→ Dataset

******

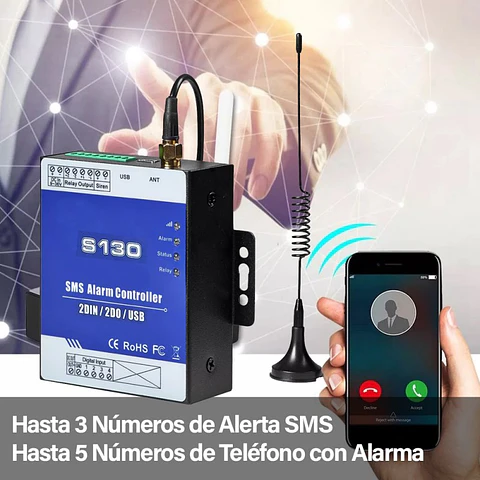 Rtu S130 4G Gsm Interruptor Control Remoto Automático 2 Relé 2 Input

******

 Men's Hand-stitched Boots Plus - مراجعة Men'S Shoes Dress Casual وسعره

******

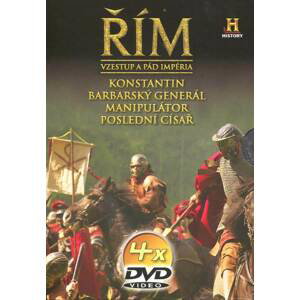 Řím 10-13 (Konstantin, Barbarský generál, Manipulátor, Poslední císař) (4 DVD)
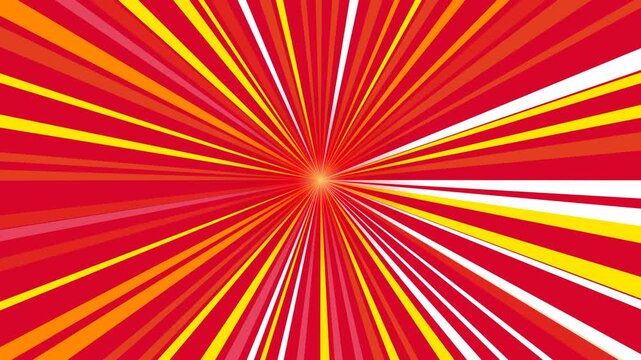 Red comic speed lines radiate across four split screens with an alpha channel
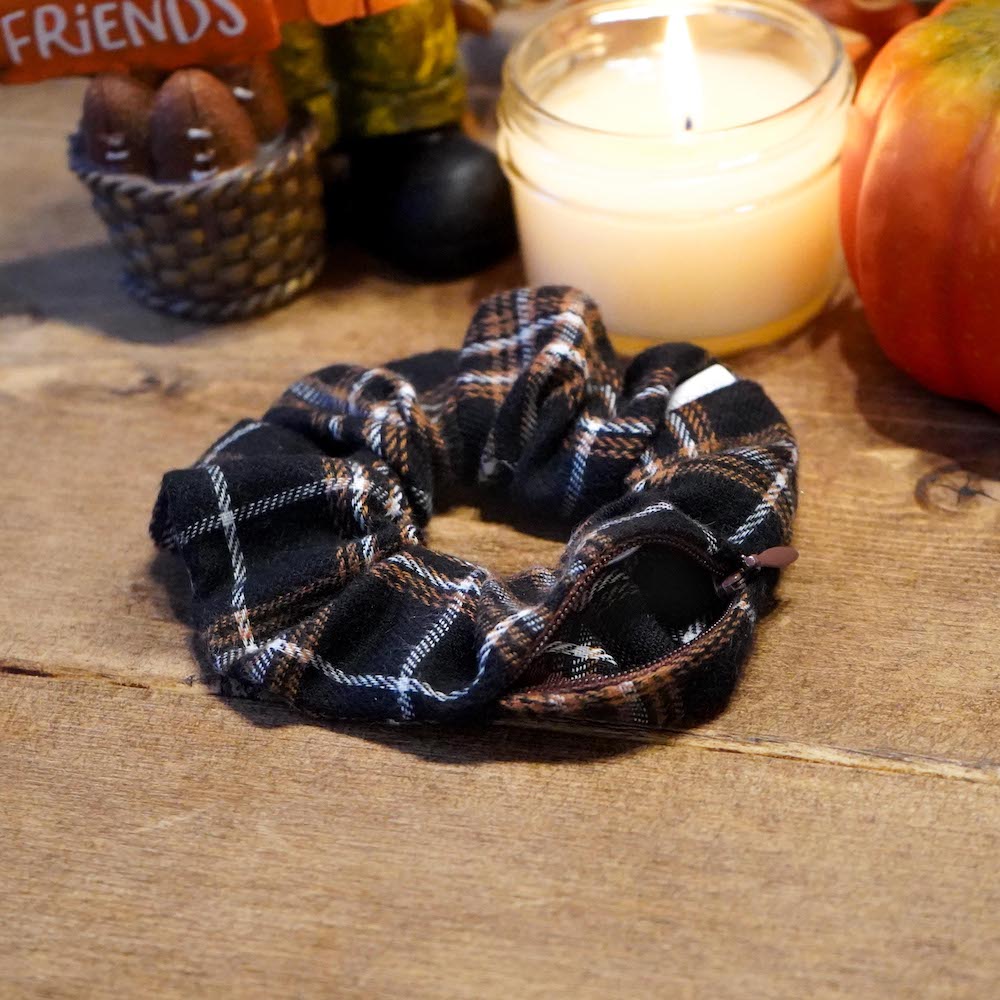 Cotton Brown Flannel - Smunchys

******

→ About this exercise
Produce an exact reproduction of the listing above, limited to the lines starting at the line with "Red comic speed" and ending at the line with "Cotton Brown Flannel - Smunchys", both kept, with every picture left out.

→ Solution for this task
 Red comic speed lines radiate across four split screens with an alpha channel
 Cotton Brown Flannel - Smunchys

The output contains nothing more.